Live landing page: https://roomkit-omega.vercel.app
Deploy your own copy:
If you are building a voice agent (Vapi/Retell-style), a meeting-bot, a transcription tool, or a multi-agent collaboration product, you usually have to:
- Run an SFU.
- Wrestle WebRTC (ICE, codec, jitter, TURN).
- Handle JWT auth, multi-tenancy, recording, transcripts, summaries.
- Build a web UI for humans.
- Ship an SDK for your own agents.
roomKit gives you all of that behind a single REST API + a single WebSocket frame contract. Mock your agent against SimulatedRoom in CI; ship to production by changing one URL.
- Frozen wire contract — 16 kHz mono PCM Int16 LE, 20 ms (640-byte) binary frames + JSON control sidechannel on the same socket. Defined in
packages/shared/src/wire.ts, mirrored byte-for-byte in every SDK. - Bundled default AI agent — Silero VAD, Deepgram STT, OpenAI GPT-4o-mini, ElevenLabs TTS. Drop a
systemPromptin room metadata, the agent joins, greets, and transcribes. - BYO agent SDKs —
callplatform(Python) and@roomkit/sdk(Node/TS). Both exposerecv() / send() / events()and ship a deterministicSimulatedRoomfor unit tests. mixedandper-trackstreaming — get a single downmix, or pin the audio stream to one specific participant for diarization-aware agents.- Server-side recording — LiveKit Egress → MinIO/S3, MP4 composite, surfaced via REST.
- Multi-tenant scaffold —
tenantstable, API-key → tenant binding, dual-token mint (gateway JWT + LiveKit access token) atPOST /v1/rooms/:id/tokens/sign. - Supervised audio bridge — bounded-restart Python subprocess wrapper. On crash, the bridge respawns and emits
error{code:'bridge.restarted', recoverable:true}so the SDK can keep going. - White-label web client — Next.js + LiveKit React: landing page, room (video grid + chat + transcripts), ended/summary page.
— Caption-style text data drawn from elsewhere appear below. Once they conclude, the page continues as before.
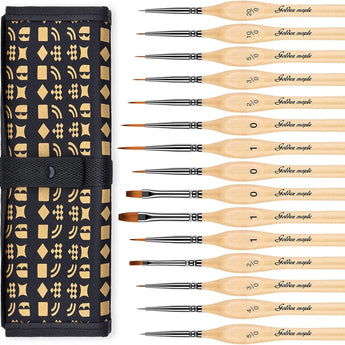GoldenMaple Synthetic Miniature Paint Brush Set in Pocket case. Fine Watercolor, Acrylic, Oil Brushes for Artists & Beginners.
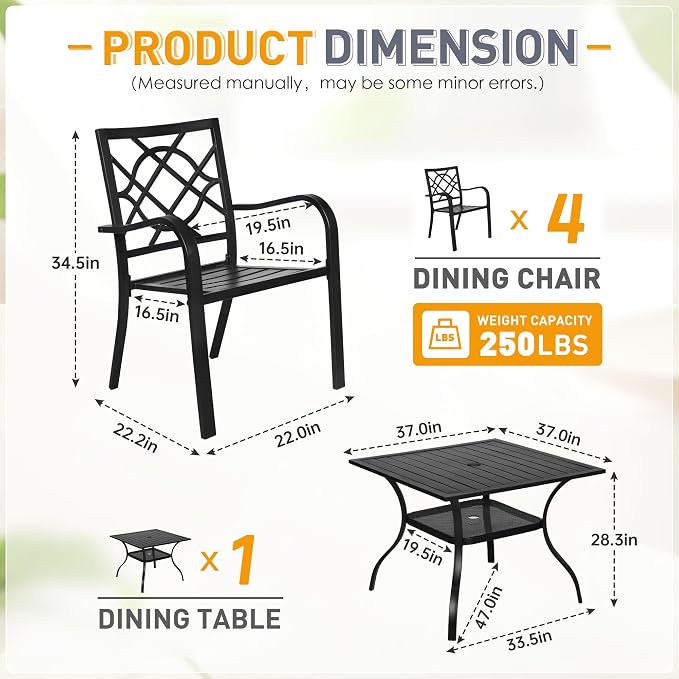 SUNCROWN 5-Piece Outdoor Dinging Set, Wrought Iron Chairs and Table Patio Dining Furniture Set - 4 Stackable Metal Chairs, 1 Steel Slat Bistro Table for Garden Backyard Deck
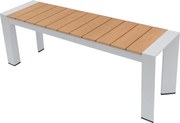 Ławka ogrodowa aluminiowa dł. 130 cm - Jasny naturalny i biały - NYROS od MYLIA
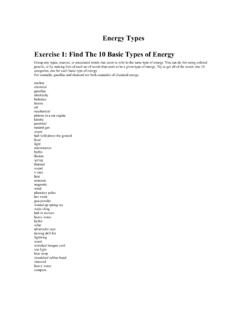 Energy Types Exercise 1: Find The 10 Basic Types of Energy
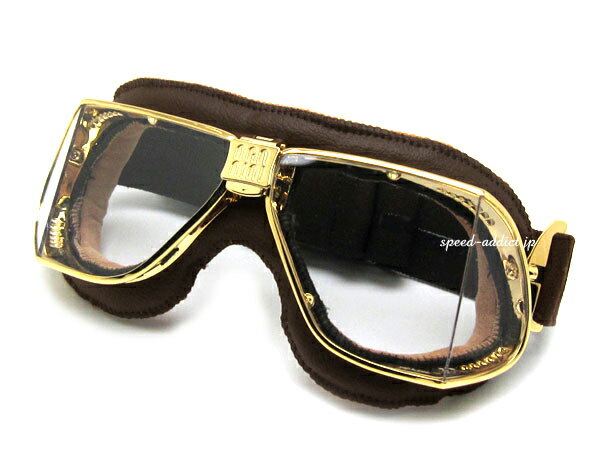 nannini Custom GOGGLE（ナンニーニカスタムゴーグル）BROWN/GOLD × ANTI FOG CLEAR 四眼式4眼式biker shadeバイカーシェードメガネ眼鏡サングラスレトロクラシックカー英車英国車ジェットヘルメットオープンフェイスhalcyonハルシオン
Web client (Next.js) ──── WebRTC ──► LiveKit SFU ◄── WebRTC ──── Default AI agent (Python)
│
(server-side bridge)
│
▼
Gateway (Fastify+TS)
REST /v1/rooms/*
WS /v1/rooms/:id/agent
│
raw 16k mono PCM 20 ms
│
▼
BYO agent (Python or Node)
join() / recv() / send() / events()
Full diagram and layer table in docs/architecture.md.
- Node ≥ 22, PNPM, Docker + docker-compose, Python 3.11.
docker-compose -f infra/docker-compose.yml up -d # Postgres + MinIO + LiveKit
pnpm install
pnpm --filter @roomkit/shared build # build the shared wire contract first
pnpm dev # gateway :3000 · web :3001Drop a .env in services/gateway/ (see "Environment" below) before pnpm dev.
RID=$(curl -s -X POST -H x-api-key:dev -H content-type:application/json \
-d '{"context":{"systemPrompt":"You are a friendly meeting host."},"defaultAgent":true}' \
http://localhost:3000/v1/rooms | jq -r .roomId)
open "http://localhost:3001/room/$RID"import asyncio
from callplatform import join
async def main():
async with join(room_id="room-abc", token="GATEWAY_TOKEN",
gateway_url="ws://localhost:3000") as call:
async for ev in call.events():
if ev["type"] == "speech.ended":
audio = await call.recv()
await call.send(audio) # echo back
asyncio.run(main())import { join } from '@roomkit/sdk';
const call = await join({ url: 'ws://localhost:3000', room: 'room-abc', token: 'GATEWAY_TOKEN' });
call.events.on('event', async (ev) => {
if (ev.type === 'speech.ended') {
const audio = await call.recv();
call.send(audio);
}
});Both SDKs ship a SimulatedRoom with identical surface — same recv() / send() / events() — so you can unit-test agents offline. See docs/sdk-quickstart.md for the full mirror.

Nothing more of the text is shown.